Managing Conflict in Virtual Teams

Instructor: Laura Gray

Laura has taught at the secondary and tertiary levels for 20+ years and has a Ph.D. in Instructional Design for Online Learning.

In this lesson, we will explore several key ways that one can manage conflict when working with virtual teams. In addition, we will discuss the two major types of conflict that arise in virtual work situations.

Conflict is Inevitable

No matter what type of work you do, whether it's in an eighty-story office building on Madison Avenue or at a small laptop computer at your dining room table, you will most assuredly encounter some type of conflict at one point or another. That's a fact. Even if you are a step or two removed from the conflict - in other words, if you are the virtual supervisor or the virtual boss, the person who oversees those who work at their laptop computers at the dining room tables, you will be called upon to manage or even to prevent these conflicts as they arise.

There are generally two types of conflicts that arise in a virtual working situation: task-related conflict, which deals with how to do things and the structure of how virtual teams go about their day-to-day business when working on a project, and interpersonal conflict, which, of course, is much more emotion-driven and can be more of a problem because it can ultimately lead to two workers avoiding each other. Avoidance is something that happens, even in virtual environments, so dealing with conflict is just as important in a virtual environment as it is in a face-to-face environment. As you might guess, the latter of these two types of conflict is much more difficult to deal with and to resolve.

I'll offer a couple of examples here, just so you have an idea. A task-related conflict would be something where two virtual workers don't agree on the placement of the company logo or brand on a virtual artifact they've developed for a project. This has to do with a task rather than with a personal conflict or personality clash between the two workers. They simply disagree on this one work-related thing. Outside of work, they are perfectly okay with each other. Make sense?

On the other hand, an example of an interpersonal conflict would be where these same two co-workers were fighting because one of them told several co-workers that the other had a love interest on the team, and this other person did not want others knowing about it. This kind of conflict is not task-related because it has nothing to do with the work being produced, and outside of work, people on the team are 'not' okay with each other. Of course, this type of conflict can be extremely difficult to deal with.
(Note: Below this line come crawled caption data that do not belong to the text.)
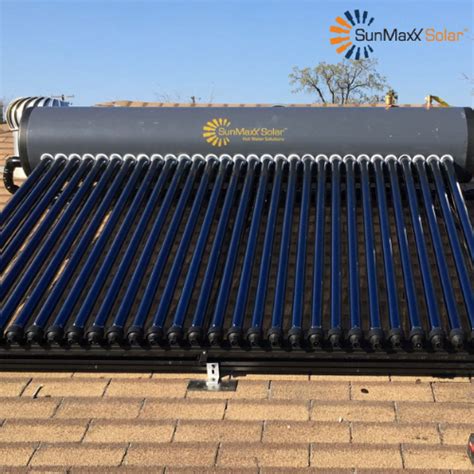 Thermosyphon Solar Hot Water Archives Sunmaxx Solar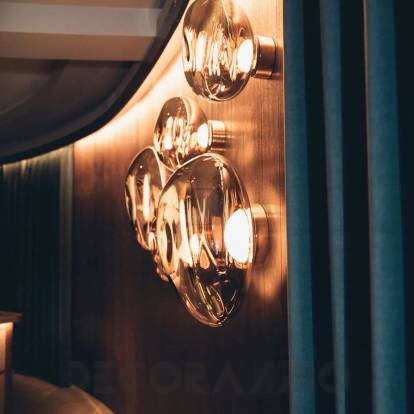 Светильник настенный настенный (Бра) Tom Dixon Melt - MESS03COEU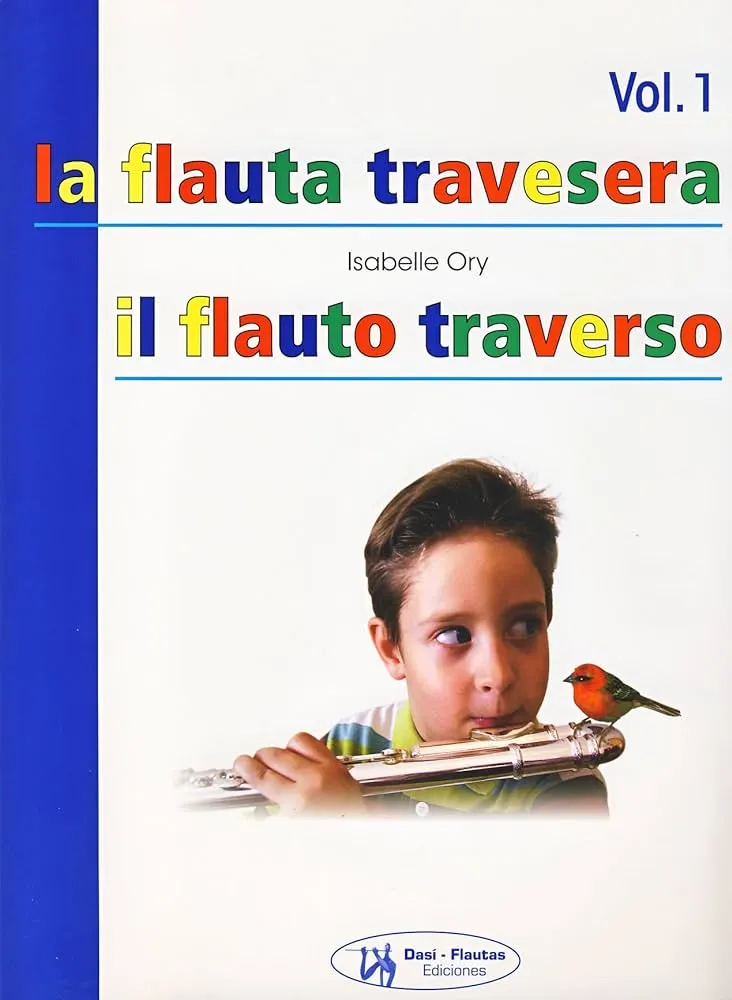 La Flauta Travesera - Isabelle Ory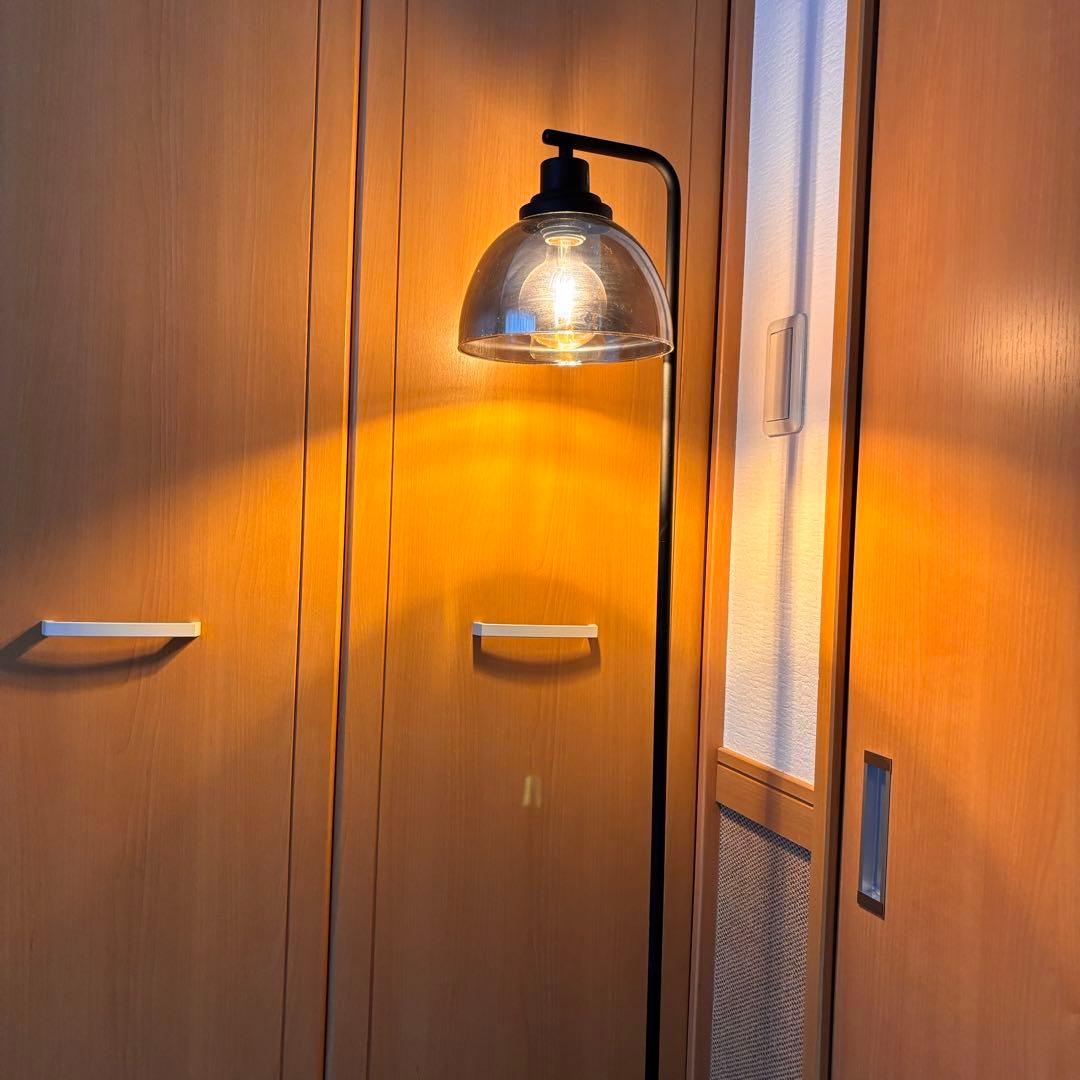 EGLO エグロ フロアランプ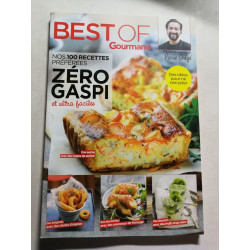 Best Of Gourmand: Zéro Gaspi et ultra faciles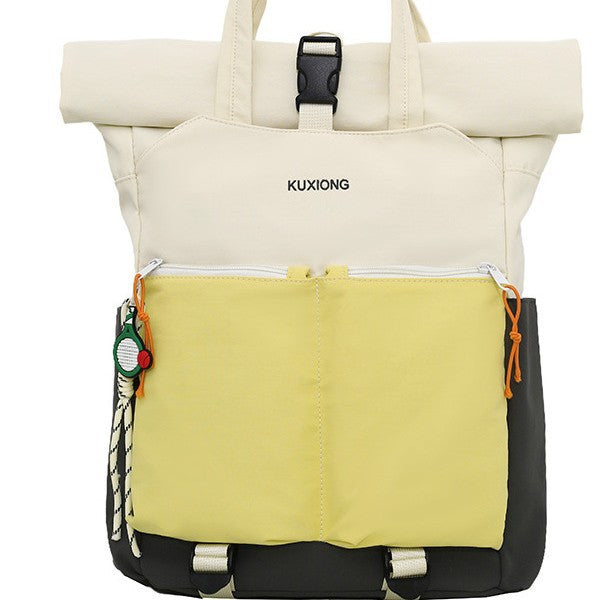 Multi-Functional Hiking Backpack Bowlift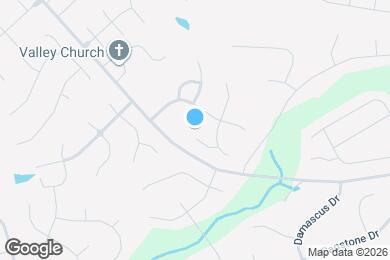 Map image of the property - 1006 Fort Clapsop Ct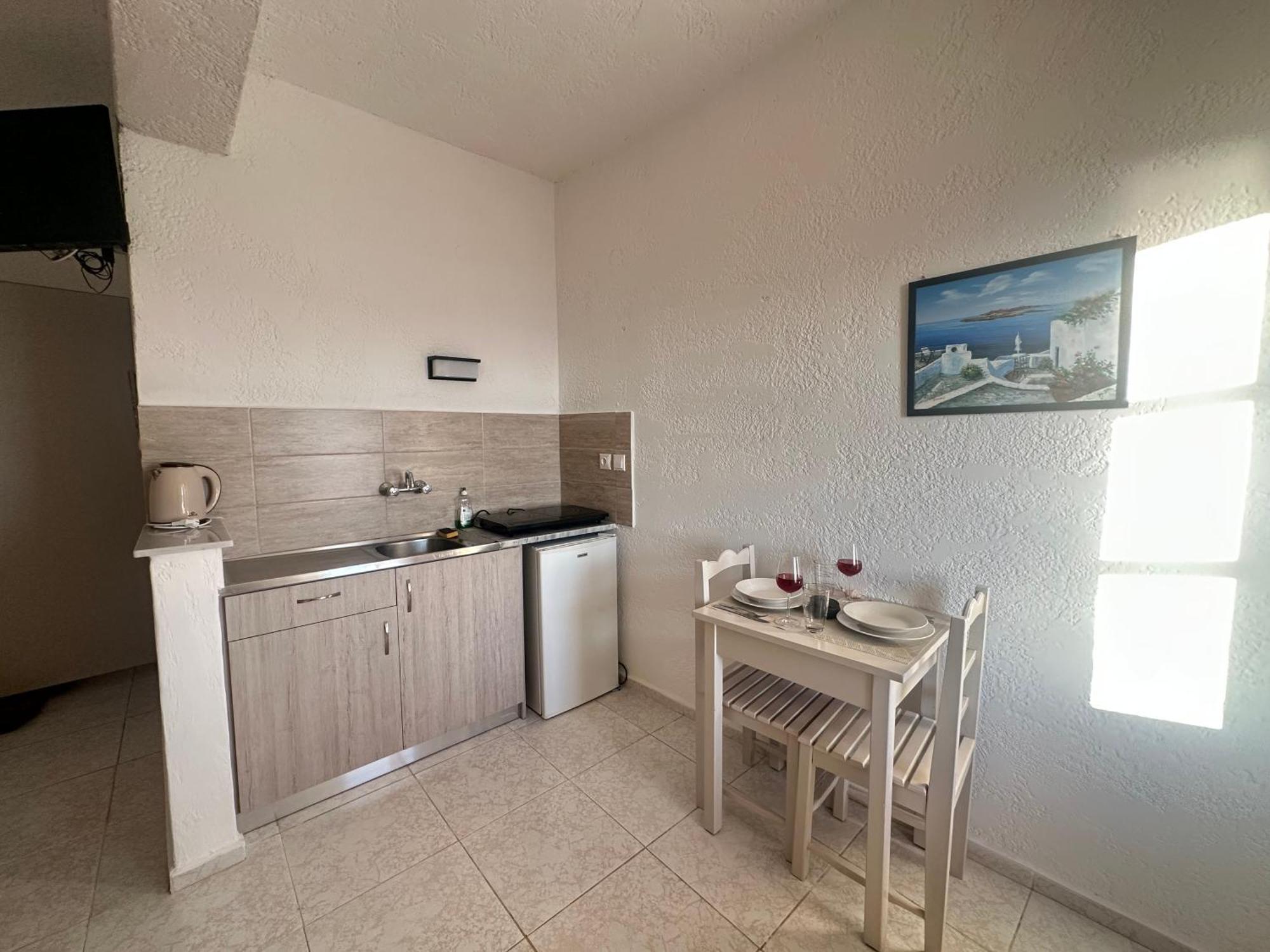 Mary Popi Aparthotel Panormos  Екстериор снимка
Conflict can arise in virtual work environments

Dealing with Conflict is Essential

Now that we have established that interpersonal conflict will happen from time to time, no matter how happy and well adjusted your virtual workers are, let's talk about some best practices for dealing with conflict.

Careful Team Building

First, put your virtual teams together as carefully as you would a team that is working together face-to-face. Believe it or not, this is really important! Just because your team members may not be working together in the same office or in the same building, their areas of expertise, as well as those things about the project about which they may feel proprietary, 'will' reveal themselves. In other words, regardless of where they are located, their personalities will shine through, even though communication between one another may be asynchronous (not in real time).